Both aircraft have been reassigned from the Nashville-based 118th Airlift Wing, which is converting its mission from tactical airlift to remotely piloted aircraft, intelligence and cyber warfare, according to the National Guard Bureau. Other Nashville C-130s are being sent to the Georgia Air Guard's 165th Airlift Wing and the 156th Airlift Wing in Puerto Rico.
It's not clear how long Kentucky will get to keep the aircraft, and no additional manning or funding is initially being provided with the airframes, said Col. Greg Nelson, commander of the 123rd Airlift Wing.
But Nelson said he's pleased Kentucky was chosen to receive the aircraft. The 123rd originally had 12 C-130s before losing four to another Air Force-wide redistribution plan in 2005.
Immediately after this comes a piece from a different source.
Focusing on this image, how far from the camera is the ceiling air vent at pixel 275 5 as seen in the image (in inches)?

"The National Guard Bureau knows that we are interested in growing our wing, and they know we have all the facilities and infrastructure to go back to 12 airplanes," Nelson said.
"We look to use these additional aircraft in support of both Air Mobility Command and National Guard Bureau missions. Every time they give us an aircraft, we're going to fly it, we're going to do the mission and we're going to demonstrate every single day that we're ready to grow our wing."
The Tennessee planes, which once served as WC-130 weather reconnaissance aircraft, are currently configured as Super E models, Nelson said.
Their avionics, radar systems and communications equipment differ from those of Kentucky's H-model C-130s, but the propulsion systems are identical.
Personnel from the 118th Airlift Wing are providing local training here to familiarize Kentucky Airmen with the airframe differences, which Nelson called "minimal."